BEGIN

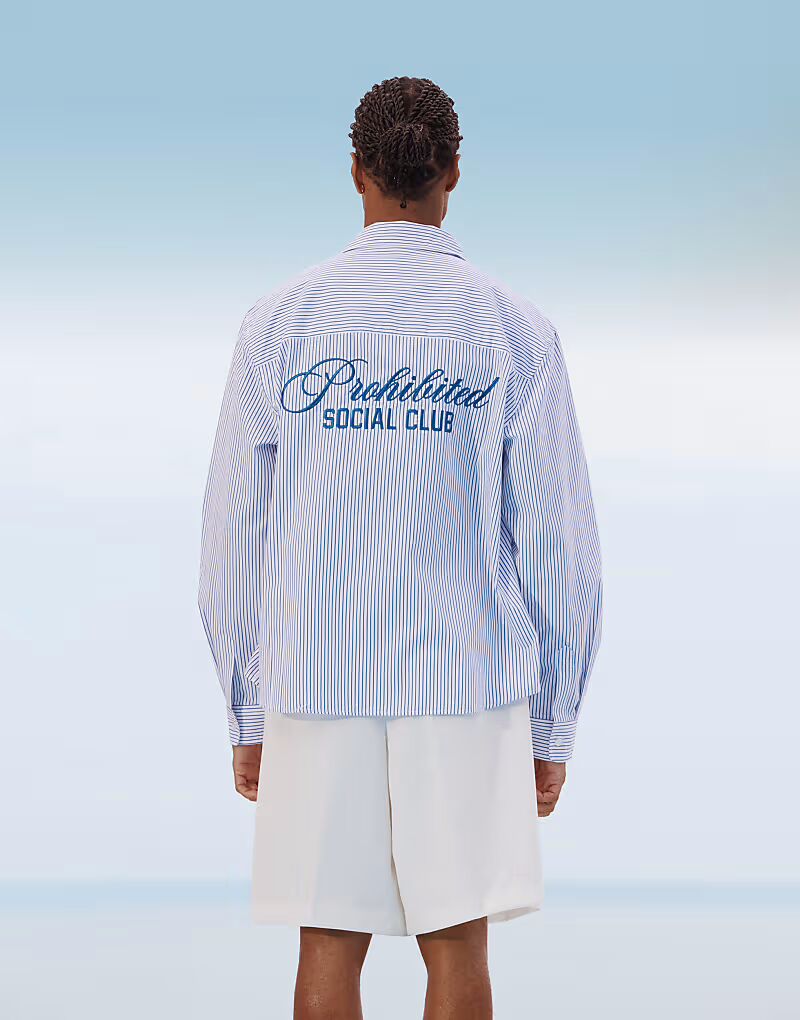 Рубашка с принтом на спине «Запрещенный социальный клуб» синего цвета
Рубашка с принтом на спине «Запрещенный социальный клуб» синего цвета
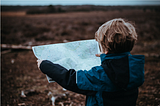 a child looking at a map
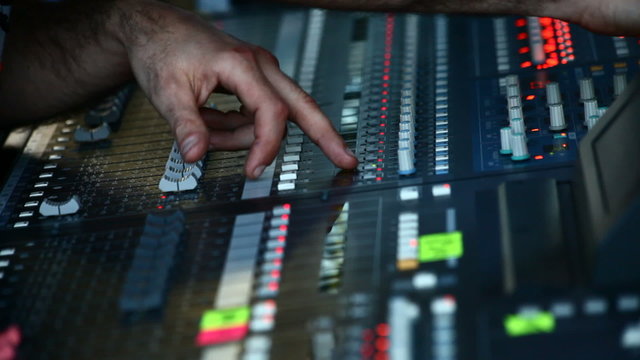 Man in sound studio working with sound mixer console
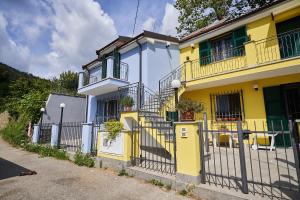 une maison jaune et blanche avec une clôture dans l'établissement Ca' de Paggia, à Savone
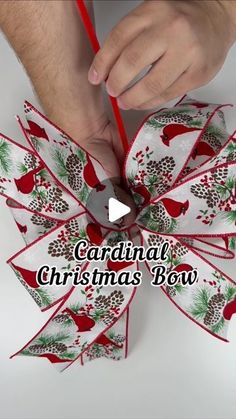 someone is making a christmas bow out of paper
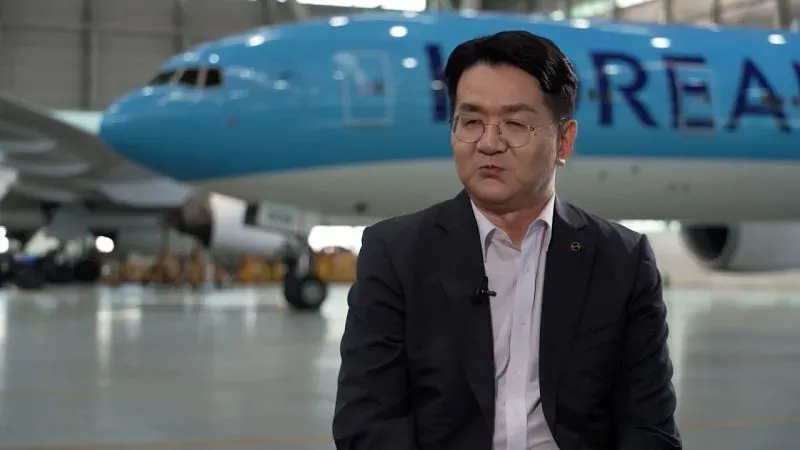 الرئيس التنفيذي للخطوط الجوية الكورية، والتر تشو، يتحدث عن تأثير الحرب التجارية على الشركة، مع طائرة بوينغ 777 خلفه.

END

> [Your instructions] Type the records out again in full, exactly, with each picture omitted.

> [Answer box]
 Рубашка с принтом на спине «Запрещенный социальный клуб» синего цвета
Рубашка с принтом на спине «Запрещенный социальный клуб» синего цвета
 a child looking at a map
 Man in sound studio working with sound mixer console
 une maison jaune et blanche avec une clôture dans l'établissement Ca' de Paggia, à Savone
 someone is making a christmas bow out of paper
 الرئيس التنفيذي للخطوط الجوية الكورية، والتر تشو، يتحدث عن تأثير الحرب التجارية على الشركة، مع طائرة بوينغ 777 خلفه.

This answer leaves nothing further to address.